Accusé d’espionnage, Kaspersky va faire examiner ses antivirus

Le quartier général de la société de sécurité informatique russe Kaspersky Lab, à Moscou
Photo: Kirill Kudryavtsev Archives Agence France-Presse Le quartier général de la société de sécurité informatique russe Kaspersky Lab, à Moscou

La société de sécurité informatique russe Kaspersky Lab a annoncé lundi qu’elle allait proposer à des experts neutres d’analyser son célèbre antivirus, afin d’écarter les accusations d’espionnage au profit du Kremlin.
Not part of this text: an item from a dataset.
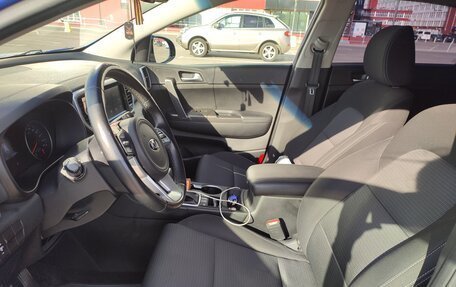KIA Sportage IV рестайлинг, 2019 год, 2 100 000 рублей, 14 фотография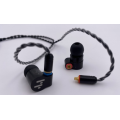 Earphone HiFi in-Ear Hibrid dengan Kabel Dilepas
« Kaspersky Lab incitera la communauté de la cybersécurité dans sa globalité et d’autres parties prenantes à valider et vérifier la fiabilité de ses solutions, de ses processus internes et de ses opérations commerciales », a-t-elle indiqué dans un communiqué.

« Dans le cadre de cette initiative, la société a l’intention de fournir à un tiers de confiance, et sous condition, l’accès au code source de ses logiciels — y compris les mises à jour des logiciels et des règles de détection des menaces — à des fins d’examen et d’évaluation indépendants », a-t-elle expliqué.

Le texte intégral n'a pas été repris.